Saturday, June 24, 2006

The Road To Perdition

I don't mean the movie I mean the administration, each member running full bore to see who can get there first. Everything that can be sold down the river, is. This includes public safety, American honor and trustworthiness, jobs that enable average Americans to get ahead and the image of an ethical America that people are proud of.
The Road From K Street to Yusufiya - New York Times: "Privates Tucker and Menchaca made the ultimate sacrifice. Their bodies were so mutilated that they could be identified only by DNA. Mr. Safavian, by contrast, can be readily identified by smell. His idea of wartime sacrifice overseas was to chew over government business with the Jack Abramoff gang while on a golfing junket in Scotland. But what's most indicative of Mr. Safavian's public service is not his felonies in the Abramoff-Tom DeLay axis of scandal, but his legal activities before his arrest. In his DNA you get a snapshot of the governmental philosophy that has guided the war effort both in Iraq and at home (that would be the Department of Homeland Security) and doomed it to failure.

Mr. Safavian, a former lobbyist, had a hand in federal spending, first as chief of staff of the General Services Administration and then as the White House's chief procurement officer, overseeing a kitty of some $300 billion (plus $62 billion designated for Katrina relief). He arrived to help enforce a Bush management initiative called 'competitive sourcing.' Simply put, this was a plan to outsource as much of government as possible by forcing federal agencies to compete with private contractors and their K Street lobbyists for huge and lucrative assignments. The initiative's objective, as the C.E.O. administration officially put it, was to deliver 'high-quality services to our citizens at the lowest cost.'

The result was low-quality services at high cost: the creation of a shadow government of private companies rife with both incompetence and corruption.
Washington's promises to rebuild Iraq were worth no more than its promises to rebuild New Orleans. The government that has stranded a multitude of Americans in flimsy "housing" on the gulf, where they remain prey for any new natural attacks the hurricane season will bring, is of a philosophical and operational piece with the government that has let down the Iraqi people. Even after we've thrown away some $2 billion of a budgeted $4 billion on improving electricity, many Iraqis have only a few hours of power a day, less than they did under Saddam. At his Rose Garden press conference of June 14, the first American president with an M.B.A. claimed that yet another new set of "benchmarks" would somehow bring progress even after all his previous benchmarks had failed to impede three years of reconstruction catastrophes.

Of the favored companies put in charge of our supposed good works in Iraq, Halliburton is the most notorious. But it is hardly unique. As The Los Angeles Times reported in April, it is the Parsons Corporation that is responsible for the "wholesale failure in two of the most crucial areas of the Iraq reconstruction — health and safety — which were supposed to win Iraqi good will and reduce the threat to American soldiers.

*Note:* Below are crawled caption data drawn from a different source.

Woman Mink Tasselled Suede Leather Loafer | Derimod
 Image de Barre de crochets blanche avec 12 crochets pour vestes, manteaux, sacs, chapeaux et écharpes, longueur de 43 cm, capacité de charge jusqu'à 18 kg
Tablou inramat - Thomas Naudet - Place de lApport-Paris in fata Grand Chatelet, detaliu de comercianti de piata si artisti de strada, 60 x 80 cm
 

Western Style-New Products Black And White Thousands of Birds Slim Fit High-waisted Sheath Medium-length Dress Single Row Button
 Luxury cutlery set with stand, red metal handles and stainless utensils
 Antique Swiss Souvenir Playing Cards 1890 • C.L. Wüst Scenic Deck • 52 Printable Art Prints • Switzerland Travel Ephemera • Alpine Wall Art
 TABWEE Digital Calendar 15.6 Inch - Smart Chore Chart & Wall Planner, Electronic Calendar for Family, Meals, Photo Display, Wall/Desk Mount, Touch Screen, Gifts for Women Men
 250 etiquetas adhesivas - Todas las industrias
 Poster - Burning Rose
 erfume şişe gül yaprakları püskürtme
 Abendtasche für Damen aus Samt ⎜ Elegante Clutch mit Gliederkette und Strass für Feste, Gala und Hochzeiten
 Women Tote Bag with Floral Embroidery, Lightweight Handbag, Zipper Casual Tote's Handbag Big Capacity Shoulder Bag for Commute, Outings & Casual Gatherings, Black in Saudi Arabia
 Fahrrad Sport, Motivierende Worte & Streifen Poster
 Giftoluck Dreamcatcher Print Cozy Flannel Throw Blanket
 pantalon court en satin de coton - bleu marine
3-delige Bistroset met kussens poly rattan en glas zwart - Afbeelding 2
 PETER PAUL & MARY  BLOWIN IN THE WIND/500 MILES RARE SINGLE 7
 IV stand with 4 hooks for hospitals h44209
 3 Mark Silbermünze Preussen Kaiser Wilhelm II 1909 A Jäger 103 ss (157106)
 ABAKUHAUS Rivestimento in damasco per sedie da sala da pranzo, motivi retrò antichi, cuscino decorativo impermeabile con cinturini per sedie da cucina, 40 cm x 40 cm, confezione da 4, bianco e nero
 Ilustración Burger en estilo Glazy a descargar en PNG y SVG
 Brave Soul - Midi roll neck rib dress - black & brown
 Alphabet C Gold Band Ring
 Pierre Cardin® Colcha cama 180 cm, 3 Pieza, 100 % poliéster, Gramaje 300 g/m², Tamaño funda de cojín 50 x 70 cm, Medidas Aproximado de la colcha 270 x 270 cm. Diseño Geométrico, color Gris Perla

Parsons finished only 20 of 150 planned Iraq health clinics, somehow spending $60 million of the budgeted $186 million for its own management and administration. It failed to build walls around 7 of the 17 security forts it constructed to supposedly stop the flow of terrorists across the Iran border.""
They don't care about the soldiers, they don't care about the citizens, of either country. It is all about the benjamins. Or whoever it is on the $1000 bill. A hundred just doesn't mean what it used to. Anyone can have one.

I wish I did.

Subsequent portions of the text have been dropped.